Excerpts from a dataset:
◇ ◇ ◇

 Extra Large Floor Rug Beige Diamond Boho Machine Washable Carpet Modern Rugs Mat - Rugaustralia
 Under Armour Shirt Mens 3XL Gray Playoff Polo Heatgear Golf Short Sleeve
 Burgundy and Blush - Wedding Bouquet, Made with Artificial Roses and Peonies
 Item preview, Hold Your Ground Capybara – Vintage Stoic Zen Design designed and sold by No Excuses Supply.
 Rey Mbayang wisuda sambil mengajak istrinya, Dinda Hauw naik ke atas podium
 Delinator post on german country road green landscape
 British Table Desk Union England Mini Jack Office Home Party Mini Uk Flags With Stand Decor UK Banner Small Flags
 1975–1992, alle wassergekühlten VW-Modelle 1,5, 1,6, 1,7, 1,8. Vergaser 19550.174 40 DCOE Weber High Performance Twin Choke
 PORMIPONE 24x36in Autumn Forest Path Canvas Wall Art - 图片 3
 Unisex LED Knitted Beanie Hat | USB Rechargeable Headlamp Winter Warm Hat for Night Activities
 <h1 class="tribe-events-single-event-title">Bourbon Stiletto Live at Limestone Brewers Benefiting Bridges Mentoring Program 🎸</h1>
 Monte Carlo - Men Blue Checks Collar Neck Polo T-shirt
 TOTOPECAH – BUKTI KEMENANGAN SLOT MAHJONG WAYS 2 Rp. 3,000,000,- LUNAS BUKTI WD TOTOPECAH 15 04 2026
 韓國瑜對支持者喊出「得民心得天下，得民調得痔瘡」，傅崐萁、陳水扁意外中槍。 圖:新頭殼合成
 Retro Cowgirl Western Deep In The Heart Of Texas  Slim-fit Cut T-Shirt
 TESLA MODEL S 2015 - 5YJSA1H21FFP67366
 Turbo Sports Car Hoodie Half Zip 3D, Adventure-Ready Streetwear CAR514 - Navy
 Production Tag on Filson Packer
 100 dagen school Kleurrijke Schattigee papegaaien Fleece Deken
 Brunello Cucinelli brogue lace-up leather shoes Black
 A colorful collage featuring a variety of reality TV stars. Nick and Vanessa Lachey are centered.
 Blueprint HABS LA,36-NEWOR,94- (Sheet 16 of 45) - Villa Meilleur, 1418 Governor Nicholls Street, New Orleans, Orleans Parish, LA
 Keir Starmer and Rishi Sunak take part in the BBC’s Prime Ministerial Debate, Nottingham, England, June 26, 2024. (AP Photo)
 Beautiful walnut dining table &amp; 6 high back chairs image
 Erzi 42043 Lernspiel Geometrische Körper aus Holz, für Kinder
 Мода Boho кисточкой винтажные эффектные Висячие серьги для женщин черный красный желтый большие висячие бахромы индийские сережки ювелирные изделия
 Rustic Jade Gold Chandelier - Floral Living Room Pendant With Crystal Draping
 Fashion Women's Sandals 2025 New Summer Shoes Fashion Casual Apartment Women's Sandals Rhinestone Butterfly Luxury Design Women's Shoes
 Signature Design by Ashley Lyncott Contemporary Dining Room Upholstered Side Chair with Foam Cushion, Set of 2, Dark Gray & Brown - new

◇ ◇ ◇

Exactly the lines from the one with "Monte Carlo - Men" through the final line of the entries are to be returned, both ends included.

 Monte Carlo - Men Blue Checks Collar Neck Polo T-shirt
 TOTOPECAH – BUKTI KEMENANGAN SLOT MAHJONG WAYS 2 Rp. 3,000,000,- LUNAS BUKTI WD TOTOPECAH 15 04 2026
 韓國瑜對支持者喊出「得民心得天下，得民調得痔瘡」，傅崐萁、陳水扁意外中槍。 圖:新頭殼合成
 Retro Cowgirl Western Deep In The Heart Of Texas  Slim-fit Cut T-Shirt
 TESLA MODEL S 2015 - 5YJSA1H21FFP67366
 Turbo Sports Car Hoodie Half Zip 3D, Adventure-Ready Streetwear CAR514 - Navy
 Production Tag on Filson Packer
 100 dagen school Kleurrijke Schattigee papegaaien Fleece Deken
 Brunello Cucinelli brogue lace-up leather shoes Black
 A colorful collage featuring a variety of reality TV stars. Nick and Vanessa Lachey are centered.
 Blueprint HABS LA,36-NEWOR,94- (Sheet 16 of 45) - Villa Meilleur, 1418 Governor Nicholls Street, New Orleans, Orleans Parish, LA
 Keir Starmer and Rishi Sunak take part in the BBC’s Prime Ministerial Debate, Nottingham, England, June 26, 2024. (AP Photo)
 Beautiful walnut dining table &amp; 6 high back chairs image
 Erzi 42043 Lernspiel Geometrische Körper aus Holz, für Kinder
 Мода Boho кисточкой винтажные эффектные Висячие серьги для женщин черный красный желтый большие висячие бахромы индийские сережки ювелирные изделия
 Rustic Jade Gold Chandelier - Floral Living Room Pendant With Crystal Draping
 Fashion Women's Sandals 2025 New Summer Shoes Fashion Casual Apartment Women's Sandals Rhinestone Butterfly Luxury Design Women's Shoes
 Signature Design by Ashley Lyncott Contemporary Dining Room Upholstered Side Chair with Foam Cushion, Set of 2, Dark Gray & Brown - new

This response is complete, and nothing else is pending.